Jen here –
Part of my new job is working on the National Science Foundation (NSF) funded FOSSIL Project that has created a social community that shares resources, help, and more on paleontology related ideas (myfossil.org). Every few years the funding group, Advancing Informal STEM Learning (AISL) has a Principal Investigator (PI) meeting, to bring all of the project leaders together to share updates and brainstorm new ideas. I was selected as the FOSSIL Project representative to attend the event. This involved putting together a poster summarizing our project and what has happened over the past four years the project has been operating. I also included where we hoped to be heading in the future as we are working to make the platforms more community driven.
This was my first real dive into NSF. I had submitted several postdoctoral fellowships to NSF but never really engaged with program officers outside of emails or been in the audience of talks by different NSF staff members. The first day was primarily listening to different NSF staff explain and explore the various outlets of funding through NSF, the different programs to apply for funding, and the importance of the annual report. I took a considerable amount of notes because as an early career professional, it’s likely I will need to know some of these people and programs as I move forward in my career.
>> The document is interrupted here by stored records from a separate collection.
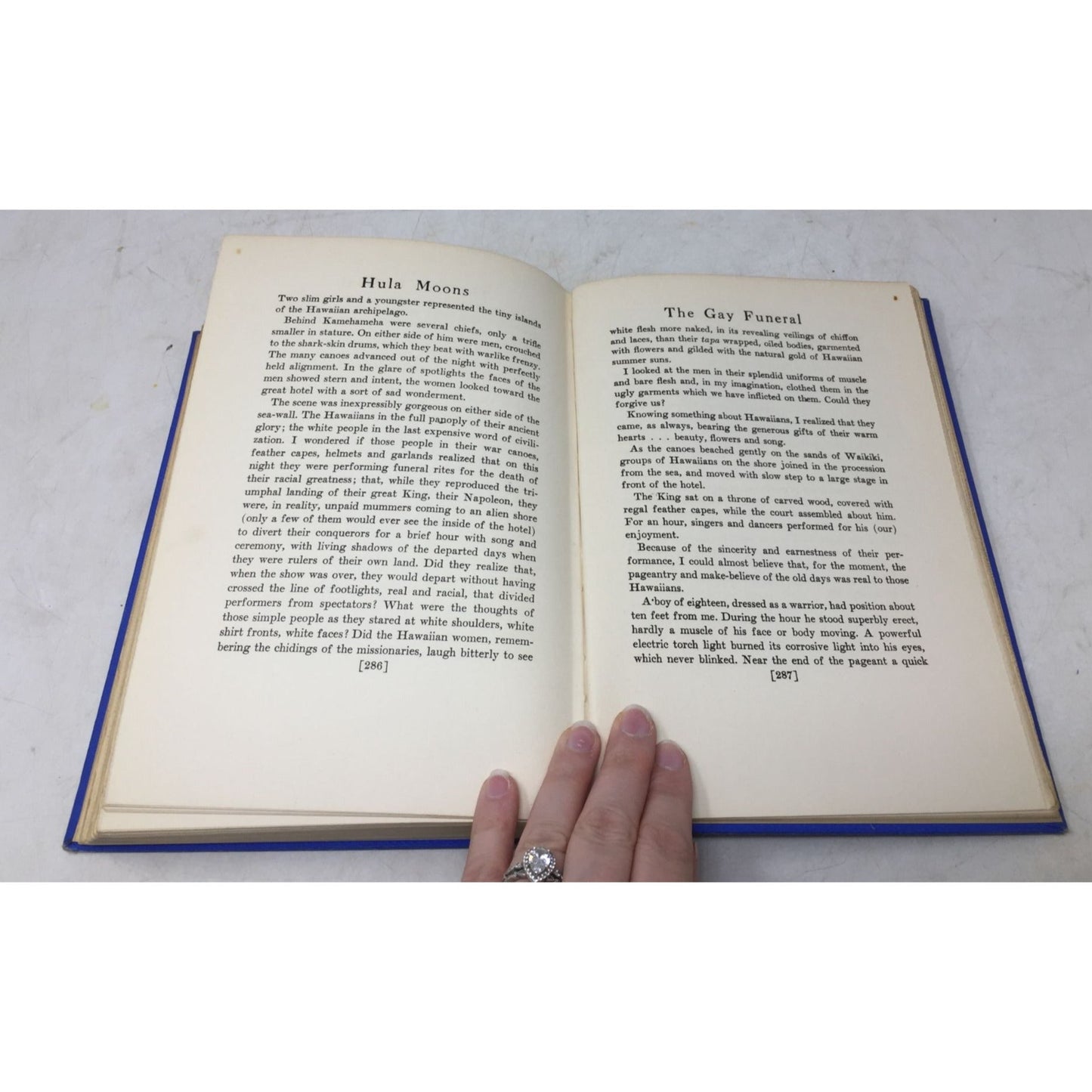 Vintage Hardcover Edition of the Book Hula Moons by Don Blanding unbranded  A+ Stuff Vintage Books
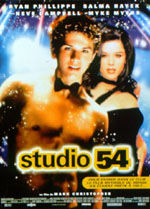 Affiche du film Studio 54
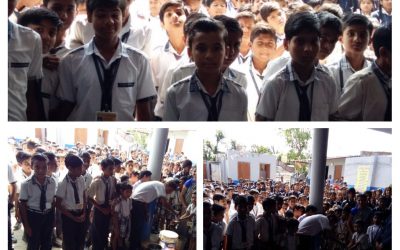 *PANJARA samithi of *CHHINDWARA district (Madhya Pradesh) does Seva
There were breakout sessions where we could explore specific things in more detail. The first session I attended was on identifying informal places where people have some time to engage in science content. There was a brief introduction to different projects going on right now and then we spent much of the remaining time in small group discussions. We shared our own experiences with conceptualizing and implementing programs in different places and then discussed other spaces where we could introduce people to science. Some of these include: sporting events, airports, bus stations, and much more! Places where people go on a regular basis that we could introduce some brief content into. The next session I attended was on three key components: identity, interest, and engagement. There was a recent task force that really dove into these three topics and interviewed members of the research field to get at the components from all viewpoints. If you are interested in learning more head to: Informal Science.
There was a poster session where we could explore the other AISL projects and network with potential collaborators. It was split into two sessions but I didn’t feel this was very effective because the rooms were sort of spread out and no one seemed to really stick to the schedule. So, I didn’t get to interact with as many people as I was hoping to but those that I did engage with were interested in the program and were very friendly. The final day of the event included a morning filled with small group discussions on broadening participation in STEM. I had a really interesting small group and we had a lot of interesting conversations about our projects and experiences.
Overall, this was a greatly informative experience for me. It was sort of a last minute trip but I really made the most of it and left with a lot of knowledge. I think getting to meet and listen to some of the NSF program officers really helped personalize them. It’s difficult sending proposals into the internet void and only having a few interactions with a staff member. Everyone I listened to and interacted with was very eager to help others succeed.